Gray TV’s KSFY/13 and KDLT/46 (Sioux Falls) have announced staffing details and a new name for their combined news operation that launches Monday, Jan. 13.
While there will be additional newscasts at the new “Dakota News Now,” some other newscasts will be simulcast on both stations and some jobs are being lost as part of the merger that reduces the number of TV newsrooms in Sioux Falls from three to two.
The ABC and NBC affiliates will offer an additional two hours of newscasts from the outset, with four more hours of daily local programming still to come based on previous regulatory commitments. KSFY and KDLT will also simulcast their 5 to 7 a.m. and 10 p.m. newscasts.
The stations reported Thursday that the combined newsroom, located in KSFY’s building, will add ten positions. But not everyone from KDLT will make the move.
The Sioux Falls Argus Leader quoted General Manager Jim Berman as saying there were an undisclosed number of job cuts, mostly part-time. KDLT evening news anchor Tom Hanson is among those leaving, according to a post on KDLT’s Facebook page:
Hanson’s KDLT co-anchor, Kelsie Passolt, will stay on at the new “Dakota News Now,” co-anchoring a block of news from 4 to 7 p.m. with KSFY’s Brian Allen. The block will begin with an hour on KDLT and then alternate between the stations in half-hour segments on KSFY at 5:00 and 6:00 and KDLT at 5:30 and 6:30.
Meanwhile, KDLT sports anchor Mark Ovendon will take over the evening sports chair at “Dakota News Now.”
Current KSFY evening sports anchor Erik Thorstenson and KSFY evening news co-anchor Vanessa Gomez will move to mornings as news co-anchors with KDLT meteorologist Aaron Doudna.
NBC Nightly News will move to 6 p.m. on KDLT and numerous syndicated shows will move to new times on both stations.
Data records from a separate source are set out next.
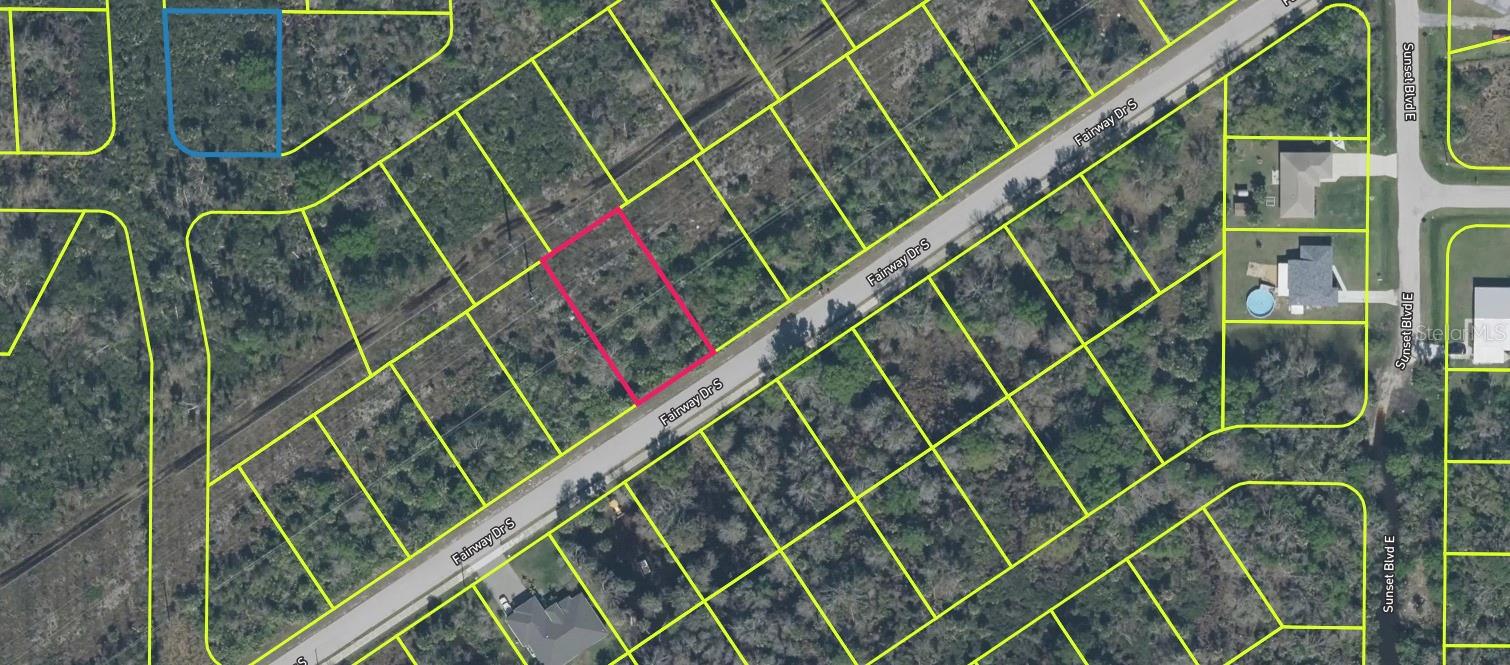 Details for 5212 Fairway Drive S, PUNTA GORDA, FL 33982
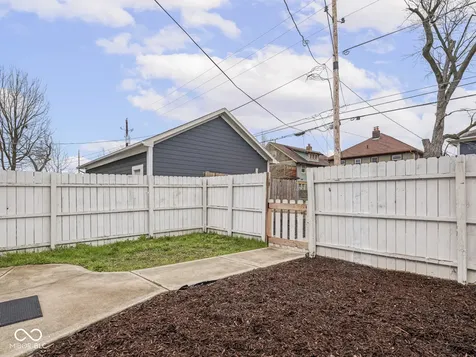 3254 Ruckle Street Indianapolis IN 46205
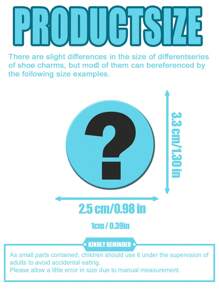 16 件圣诞系列，圣诞主题鞋靴装饰配件，PVC 装饰衣架，可拆卸塑料 DIY 零件，涵盖经典圣诞元素，如圣诞树、雪人、驯鹿、圣诞袜、圣诞毛衣等节日圣诞老人和雪人图案 - 綠色 - 查看 4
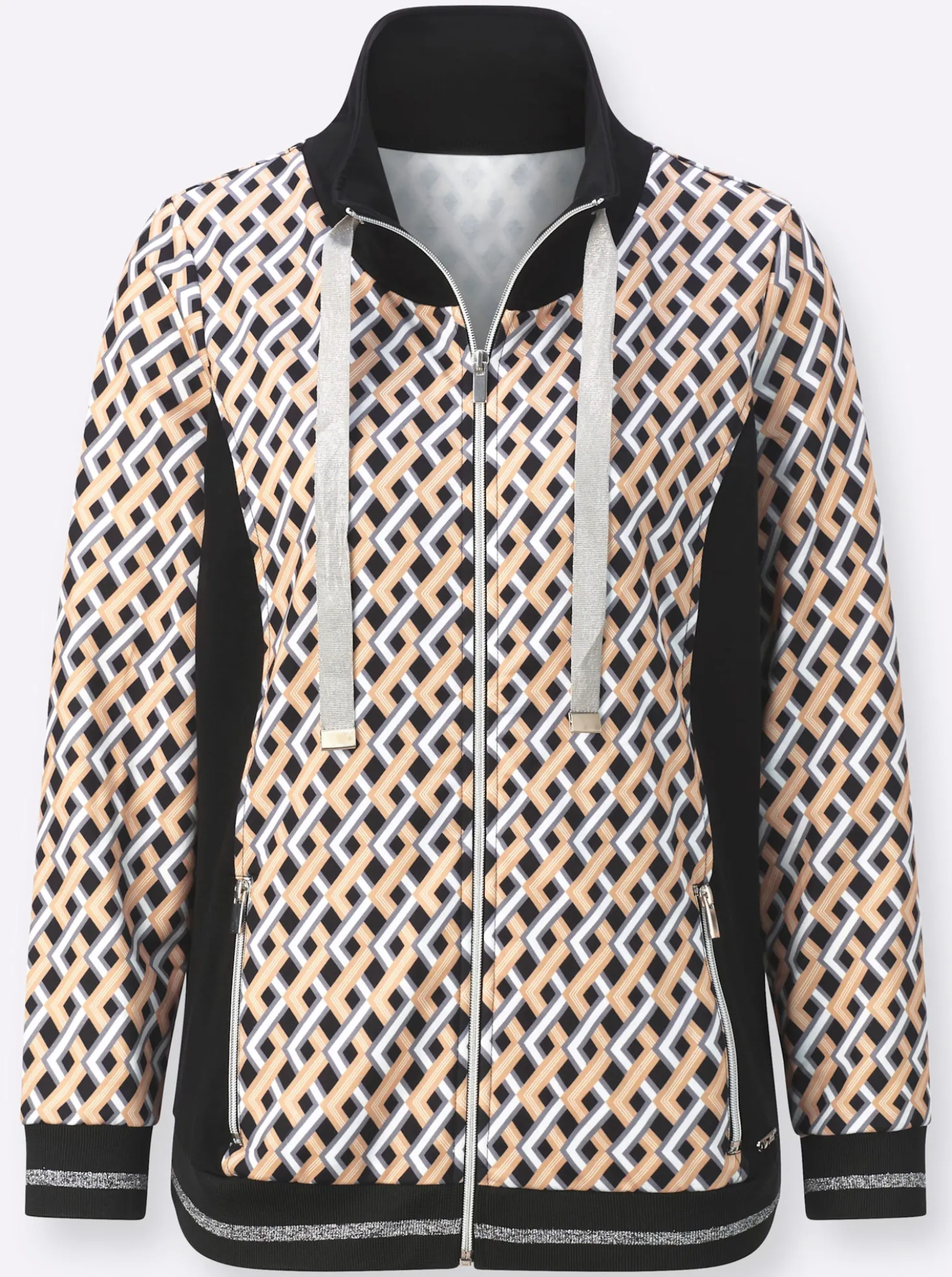Jacke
The schedule changes mean that viewers will only have two choices for local news at any given time, with “Dakota News Now” competing only with “KELOLAND News” on market-dominant Nexstar CBS affiliate KELO-TV.
Simulcasts on two major network affiliates are not unheard of; Gray’s NBC and CBS affiliates in Fargo have simulcast newscasts for more than a decade. But that isn’t the case everywhere: In Duluth, for example, Quincy Media’s KBJR offers three hours of competing daily newscasts on its NBC and CBS channels from separate studios in the same building.
Gray, which first owned KSFY, closed on its $32.5 million purchase of KDLT from Red River Broadcast Corp. in September after the FCC issued its first-ever waiver allowing the owner of one top-four station to purchase another. It may also be the last waiver for a while, since an appeals court decision ordered the FCC to revert to its previous ownership rules.
While the KSFY-KDLT merger was a first for the FCC, workarounds to put two major network affiliates under one roof have been used for decades in dozens of markets nationwide. The only difference in this case is that Gray owns both full-power stations outright instead of using a joint sales agreement or moving an affiliation to a subchannel, low-power station, or license obtained using a failing station waiver. (In fact, Gray already owns an LPTV license in Sioux Falls that could have been used for this purpose if the FCC waiver had been denied.)
Gray TV’s promise of additional newscasts on KSFY and KDLT was part of the FCC’s reasoning for approving the merger. Documents submitted as part of the approval process indicate that in addition to the newscasts already publicly announced, Gray also plans to add a two-hour morning newscast on KSFY’s CW channel, an hourlong morning talk show on KSFY, a half-hour 11 a.m. newscast on KDLT, a half-hour 9 p.m. newscast on the CW channel, and weekend morning newscasts on KSFY.
Additionally, Gray is adding a state capitol news bureau in Pierre to serve its Sioux Falls and Rapid City stations and making the ABC and NBC channels more widely available in rural areas of the Sioux Falls market through simulcasts on the two stations’ transmitter networks.
As reported here last September, the FCC concluded that the combination of KSFY and KDLT would put the company in a better position to compete with market juggernaut KELO-TV, which was said to have not fallen below 56.6% market share in the five years prior to the merger application being filed in 2018. The FCC order also noted that KDLT was “struggling to maintain a profitable local news operation” and that its news department might have been eliminated if it was left as a standalone station.